Patriotic pieces from the Great War/The Soldier's Mother
THE SOLDIER'S MOTHER
After all, there is no love like a mother's love. She loves her unborn babe with a tender, wistful, yearning love which makes the anguish of her sufferings a joy unspeakable. When the little one is placed in her arms exultant joy fills her heart. The wee baby rules this mother heart, and the growing child is her first thought in the morning hour and her last prayer as she rests her weary head upon her pillow. She is generally reticent and undemonstrative, but her boy is the joy of her heart and the gladness of her life. This wise and loving mother knows her boy must have companionships intimate and dear, and she does not interfere. Her boy becomes a man, and gradually he forms his circle of friendships, and as time goes on he is overwhelmed by the mystery and gladness of a great love. His mother understands, and with a tender light in her eyes she withdraws herself just a little more. Then comes the joy and bewilderment of the growing family and new chambers are unlocked in her "boy's" heart, but the mother, now growing old, understands, and there is no jealousy in her heart.
She sits alone much these days, but her memory is busy, and her heart holds a secret of that love which began before her boy was born—that boy who is now a great man with a home and babies of his own. How sweet and holy and God-like is mother's love!
In the great and devastating war no one can ever estimate the suffering of the mothers of all lands. With complete self-forgetfulness they have said farewell to their boys. The women of Sparta were not braver than the women of the warring countries of to-day. And now our American mothers must lay their sons on the altar of their country, and they will do so with a heroism unsurpassed by the mothers of any country or any generation. Others will suffer, but the suffering of our mothers will be as sweet and holy and God-like as their love.

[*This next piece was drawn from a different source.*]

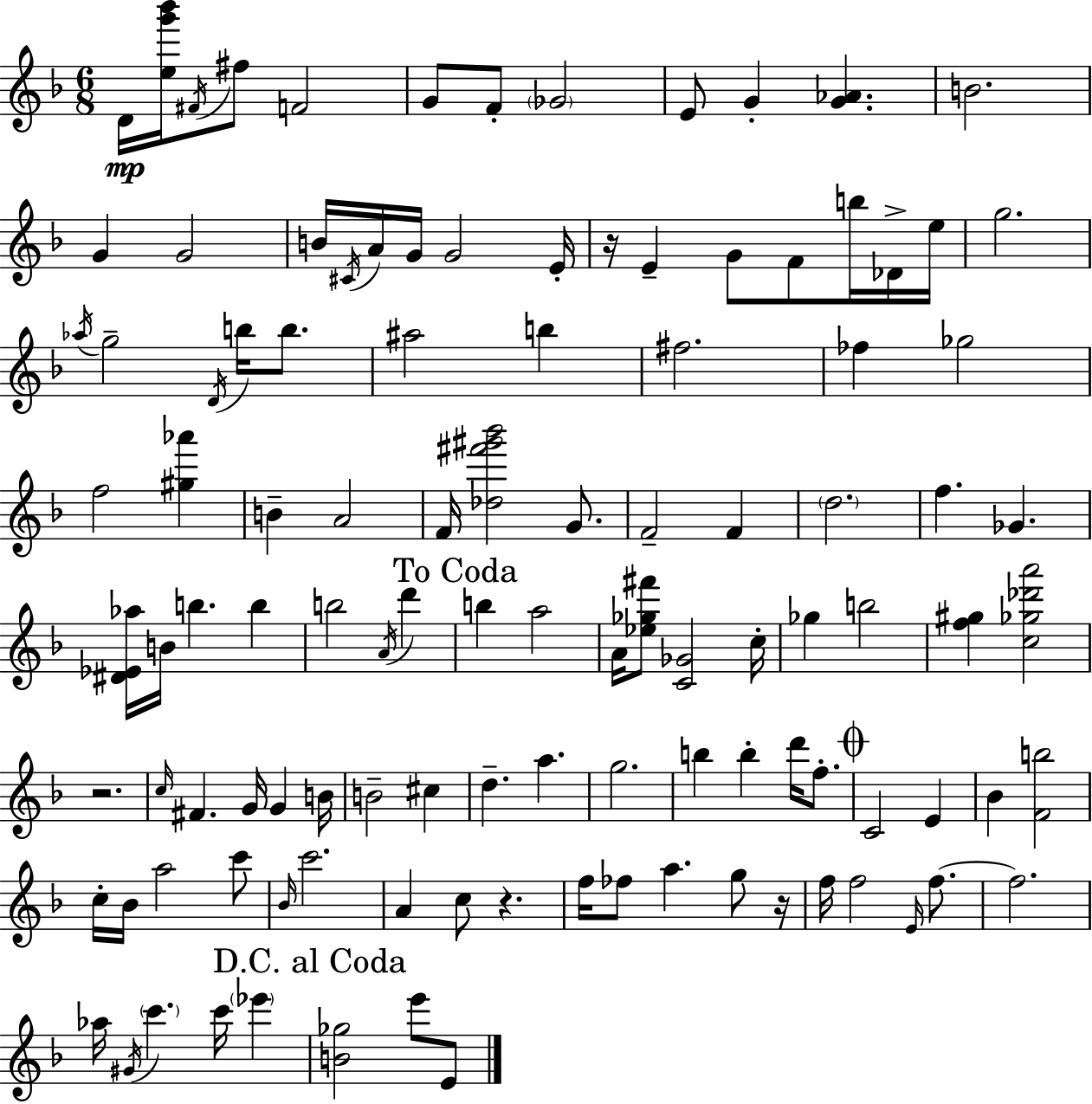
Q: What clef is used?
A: treble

If it pleases God, many of our noble young men will come unscathed through the dragon-guarded gates of war. Flushed with victory, decorated with badges of honor, grown strong with burden-bearing, these boys will come home amid the plaudits and tears of welcome hosts. Mother, may your boy be among those who will thus come home! But if not, you will remember that it will be his glory to die for his beloved country. You will rejoice that he went forward with undaunted mien and unflinching eye, and that, like Nathan Hale, he was sorry that he had but one life to lose for his country!